Perhaps that's too much of a stretch, but I think it points to the fact
that we might think a bit longer about what cell "shapes" might be need
to specified. Should we specify, for example, that for a particular
latitude-longitude grid the grid cell latitude bounds might follow
latitude circles, while the longitude bounds follow great circles along
lines of longitude?
In the measurement examples provided as motivation for extending the
definition of cell bounds to include ellipses, the cell shapes were in
fact only *approximately* represented by an ellipse, so should the
description include this information to distinguish it from a true
ellipse (i.e., should we use the words "approximate ellipse" rather than
"ellipse")?
Best regards,
Karl
On 19-Feb-10 6:45 AM, Bryan Lawrence wrote:
hi Thomas
I think Nan's right that four points is enough to unambiguously define an
ellipse, but how do we know it's an ellipse?
We get the vertices from cell bounds
We get the area from cell measures
The only thing missing is the knowledge that the bounds need to be interpreted
as ellipse coordinates rather than a polygon when plotting or something more
sophisticated.
There are at least two possible routes:
a) while long_name is not required for a boundary variable, we could use it
to say it's an elllipse, or
b) We extend cell_measures or cell_methods. My preference would be the
latter, so we could add ellipse or FOV or something like that to appendix E (I
haven't thought this through in detail yet, I was hoping someone else would
suggest something).
Cheers
Bryan
On Friday 19 February 2010 14:15:47 Thomas Lavergne wrote:
Hei Nan and Bryan,
Indeed, as far as I see it, you could not specify or reproduce this shape since
you do not know it is an ellipse. It might furthermore be slanted with respect
to the axis, which requires an extra piece of information.

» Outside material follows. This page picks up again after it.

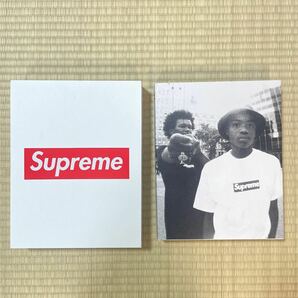 新品同様 Supreme Book Volume 2 Vol. シュプリーム ブック ボリューム ワン フォトブック アートブック 写真集 Phaidon ファイドン社の画像1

Bryan, did I miss something or you haven't yet proposed your "slight
modification"? I am all ears :-)
Thomas
----- "Bryan Lawrence"<[email protected]> wrote:
Hi Nan
... but you couldn't plot this properly because you don't know that
it's an ellipse ... which is why I would suggest a very slight
modification to add that particular piece of metadata ... (or am I
missing something)
Cheers
Bryan
On Thursday 18 February 2010 14:36:05 Nan Galbraith wrote:
Four coordinates and an area is enough to define an ellipse; if
these are more complex shapes, that's another problem.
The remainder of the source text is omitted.